*** The records Section Begins ***

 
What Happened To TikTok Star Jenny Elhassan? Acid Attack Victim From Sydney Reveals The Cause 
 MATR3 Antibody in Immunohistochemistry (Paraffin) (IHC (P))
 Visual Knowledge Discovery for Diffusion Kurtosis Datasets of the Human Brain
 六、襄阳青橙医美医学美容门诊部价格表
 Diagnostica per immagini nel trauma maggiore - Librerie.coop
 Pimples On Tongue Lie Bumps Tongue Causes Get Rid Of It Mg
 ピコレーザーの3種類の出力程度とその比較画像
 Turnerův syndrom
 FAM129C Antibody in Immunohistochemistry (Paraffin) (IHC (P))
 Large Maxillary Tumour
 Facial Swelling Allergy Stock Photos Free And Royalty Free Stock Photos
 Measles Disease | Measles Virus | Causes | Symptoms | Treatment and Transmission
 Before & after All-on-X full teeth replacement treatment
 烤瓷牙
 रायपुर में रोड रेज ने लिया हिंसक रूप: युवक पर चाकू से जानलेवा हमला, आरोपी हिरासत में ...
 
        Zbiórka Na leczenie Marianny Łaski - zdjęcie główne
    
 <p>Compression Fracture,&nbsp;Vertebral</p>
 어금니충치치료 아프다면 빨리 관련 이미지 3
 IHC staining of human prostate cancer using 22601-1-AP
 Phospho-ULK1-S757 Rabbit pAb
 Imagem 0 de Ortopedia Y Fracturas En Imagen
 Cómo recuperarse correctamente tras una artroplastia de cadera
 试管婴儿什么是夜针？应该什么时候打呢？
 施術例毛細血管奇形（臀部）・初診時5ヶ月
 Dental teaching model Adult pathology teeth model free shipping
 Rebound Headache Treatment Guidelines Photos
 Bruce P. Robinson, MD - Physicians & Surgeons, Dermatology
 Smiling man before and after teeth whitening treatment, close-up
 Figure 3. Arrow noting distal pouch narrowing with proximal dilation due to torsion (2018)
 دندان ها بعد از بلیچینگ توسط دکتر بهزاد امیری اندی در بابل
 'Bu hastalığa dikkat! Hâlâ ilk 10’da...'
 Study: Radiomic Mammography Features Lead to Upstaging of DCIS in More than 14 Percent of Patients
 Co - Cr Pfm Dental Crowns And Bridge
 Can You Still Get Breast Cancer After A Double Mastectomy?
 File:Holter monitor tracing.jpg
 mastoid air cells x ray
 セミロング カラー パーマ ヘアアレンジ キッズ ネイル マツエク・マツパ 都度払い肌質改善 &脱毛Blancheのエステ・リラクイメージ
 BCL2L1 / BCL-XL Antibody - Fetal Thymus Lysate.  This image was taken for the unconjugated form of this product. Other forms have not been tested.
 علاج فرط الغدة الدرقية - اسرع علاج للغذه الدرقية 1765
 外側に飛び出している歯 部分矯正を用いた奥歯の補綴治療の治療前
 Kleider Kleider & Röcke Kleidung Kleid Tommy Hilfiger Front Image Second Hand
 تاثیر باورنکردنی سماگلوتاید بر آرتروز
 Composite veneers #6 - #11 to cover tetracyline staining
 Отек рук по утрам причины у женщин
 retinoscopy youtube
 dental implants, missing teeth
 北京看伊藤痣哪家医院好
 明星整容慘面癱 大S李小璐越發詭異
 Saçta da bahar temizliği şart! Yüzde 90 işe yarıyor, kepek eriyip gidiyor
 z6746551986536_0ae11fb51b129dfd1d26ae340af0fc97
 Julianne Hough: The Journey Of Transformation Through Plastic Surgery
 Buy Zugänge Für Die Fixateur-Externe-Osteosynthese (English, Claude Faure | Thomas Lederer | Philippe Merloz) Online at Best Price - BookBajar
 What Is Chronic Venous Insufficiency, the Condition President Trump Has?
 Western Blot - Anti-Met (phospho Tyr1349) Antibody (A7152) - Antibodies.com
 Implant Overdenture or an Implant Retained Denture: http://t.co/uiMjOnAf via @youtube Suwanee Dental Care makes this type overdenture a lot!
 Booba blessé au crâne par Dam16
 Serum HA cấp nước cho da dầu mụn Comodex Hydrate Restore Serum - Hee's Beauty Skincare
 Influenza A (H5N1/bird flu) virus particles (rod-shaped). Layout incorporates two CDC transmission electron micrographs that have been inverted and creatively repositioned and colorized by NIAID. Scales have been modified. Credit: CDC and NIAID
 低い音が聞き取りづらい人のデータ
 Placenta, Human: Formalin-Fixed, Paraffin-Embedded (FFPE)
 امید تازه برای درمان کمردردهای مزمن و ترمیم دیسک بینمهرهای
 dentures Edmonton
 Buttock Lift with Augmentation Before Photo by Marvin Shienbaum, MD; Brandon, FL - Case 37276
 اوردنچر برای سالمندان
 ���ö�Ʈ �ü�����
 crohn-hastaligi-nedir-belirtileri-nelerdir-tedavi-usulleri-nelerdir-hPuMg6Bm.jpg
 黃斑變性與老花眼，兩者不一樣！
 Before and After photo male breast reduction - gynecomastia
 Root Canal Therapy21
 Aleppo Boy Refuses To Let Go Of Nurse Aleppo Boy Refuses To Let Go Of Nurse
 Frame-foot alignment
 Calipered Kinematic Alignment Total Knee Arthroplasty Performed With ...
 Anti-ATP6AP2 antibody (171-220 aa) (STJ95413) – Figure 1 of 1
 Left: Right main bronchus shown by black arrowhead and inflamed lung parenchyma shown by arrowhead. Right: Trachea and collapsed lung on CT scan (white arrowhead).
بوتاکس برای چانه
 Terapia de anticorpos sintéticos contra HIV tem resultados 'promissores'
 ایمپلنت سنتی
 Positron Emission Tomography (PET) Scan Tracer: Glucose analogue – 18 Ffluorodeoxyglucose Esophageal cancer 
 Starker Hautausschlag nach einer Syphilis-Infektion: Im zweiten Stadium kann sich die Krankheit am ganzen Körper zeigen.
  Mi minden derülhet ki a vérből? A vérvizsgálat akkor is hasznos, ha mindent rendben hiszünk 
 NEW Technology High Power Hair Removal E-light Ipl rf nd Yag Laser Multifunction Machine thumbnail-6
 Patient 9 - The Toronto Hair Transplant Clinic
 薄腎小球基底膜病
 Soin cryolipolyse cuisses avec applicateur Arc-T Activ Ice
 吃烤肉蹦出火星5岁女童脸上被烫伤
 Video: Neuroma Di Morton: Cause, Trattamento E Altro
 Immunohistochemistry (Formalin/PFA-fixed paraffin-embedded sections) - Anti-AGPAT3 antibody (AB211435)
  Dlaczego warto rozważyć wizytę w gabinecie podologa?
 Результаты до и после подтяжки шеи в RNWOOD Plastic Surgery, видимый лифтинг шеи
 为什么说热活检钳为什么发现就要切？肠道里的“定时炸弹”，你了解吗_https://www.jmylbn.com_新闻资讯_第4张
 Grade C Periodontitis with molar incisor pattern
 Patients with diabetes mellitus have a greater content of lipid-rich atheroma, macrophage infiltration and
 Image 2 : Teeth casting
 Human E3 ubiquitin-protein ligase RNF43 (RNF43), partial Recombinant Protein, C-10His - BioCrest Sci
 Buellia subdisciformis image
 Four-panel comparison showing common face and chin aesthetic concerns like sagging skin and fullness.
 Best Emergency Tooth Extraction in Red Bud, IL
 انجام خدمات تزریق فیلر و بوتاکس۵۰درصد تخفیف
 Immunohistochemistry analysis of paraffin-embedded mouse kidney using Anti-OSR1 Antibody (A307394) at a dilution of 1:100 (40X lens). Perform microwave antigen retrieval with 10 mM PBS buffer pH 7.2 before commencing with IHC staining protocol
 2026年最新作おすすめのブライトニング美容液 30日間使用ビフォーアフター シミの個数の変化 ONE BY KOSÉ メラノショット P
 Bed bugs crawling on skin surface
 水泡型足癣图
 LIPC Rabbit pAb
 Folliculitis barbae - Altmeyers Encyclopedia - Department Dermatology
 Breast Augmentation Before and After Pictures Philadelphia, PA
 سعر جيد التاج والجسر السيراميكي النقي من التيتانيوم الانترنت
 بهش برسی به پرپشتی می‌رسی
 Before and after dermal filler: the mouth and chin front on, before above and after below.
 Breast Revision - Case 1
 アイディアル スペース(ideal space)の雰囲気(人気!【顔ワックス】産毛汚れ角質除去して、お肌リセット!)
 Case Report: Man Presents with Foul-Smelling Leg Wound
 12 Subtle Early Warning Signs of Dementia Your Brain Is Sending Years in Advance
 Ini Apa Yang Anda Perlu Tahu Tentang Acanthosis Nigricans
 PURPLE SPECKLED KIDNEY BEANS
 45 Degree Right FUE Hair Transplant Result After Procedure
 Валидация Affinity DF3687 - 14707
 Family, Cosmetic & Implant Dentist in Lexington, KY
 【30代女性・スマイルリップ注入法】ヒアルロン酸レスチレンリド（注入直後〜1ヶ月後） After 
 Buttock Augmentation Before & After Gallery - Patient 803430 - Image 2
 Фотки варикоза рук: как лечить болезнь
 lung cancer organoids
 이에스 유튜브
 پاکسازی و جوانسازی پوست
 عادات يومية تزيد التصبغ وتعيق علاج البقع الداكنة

*** The records Section Ends ***

## What is needed:
Copy exactly the stretch of data above from the line with "Facial Swelling Allergy" through the line with "BCL2L1 / BCL-XL", and omit all other lines.

## Result of this task:
 Facial Swelling Allergy Stock Photos Free And Royalty Free Stock Photos
 Measles Disease | Measles Virus | Causes | Symptoms | Treatment and Transmission
 Before & after All-on-X full teeth replacement treatment
 烤瓷牙
 रायपुर में रोड रेज ने लिया हिंसक रूप: युवक पर चाकू से जानलेवा हमला, आरोपी हिरासत में ...
 
        Zbiórka Na leczenie Marianny Łaski - zdjęcie główne
    
 <p>Compression Fracture,&nbsp;Vertebral</p>
 어금니충치치료 아프다면 빨리 관련 이미지 3
 IHC staining of human prostate cancer using 22601-1-AP
 Phospho-ULK1-S757 Rabbit pAb
 Imagem 0 de Ortopedia Y Fracturas En Imagen
 Cómo recuperarse correctamente tras una artroplastia de cadera
 试管婴儿什么是夜针？应该什么时候打呢？
 施術例毛細血管奇形（臀部）・初診時5ヶ月
 Dental teaching model Adult pathology teeth model free shipping
 Rebound Headache Treatment Guidelines Photos
 Bruce P. Robinson, MD - Physicians & Surgeons, Dermatology
 Smiling man before and after teeth whitening treatment, close-up
 Figure 3. Arrow noting distal pouch narrowing with proximal dilation due to torsion (2018)
 دندان ها بعد از بلیچینگ توسط دکتر بهزاد امیری اندی در بابل
 'Bu hastalığa dikkat! Hâlâ ilk 10’da...'
 Study: Radiomic Mammography Features Lead to Upstaging of DCIS in More than 14 Percent of Patients
 Co - Cr Pfm Dental Crowns And Bridge
 Can You Still Get Breast Cancer After A Double Mastectomy?
 File:Holter monitor tracing.jpg
 mastoid air cells x ray
 セミロング カラー パーマ ヘアアレンジ キッズ ネイル マツエク・マツパ 都度払い肌質改善 &脱毛Blancheのエステ・リラクイメージ
 BCL2L1 / BCL-XL Antibody - Fetal Thymus Lysate.  This image was taken for the unconjugated form of this product. Other forms have not been tested.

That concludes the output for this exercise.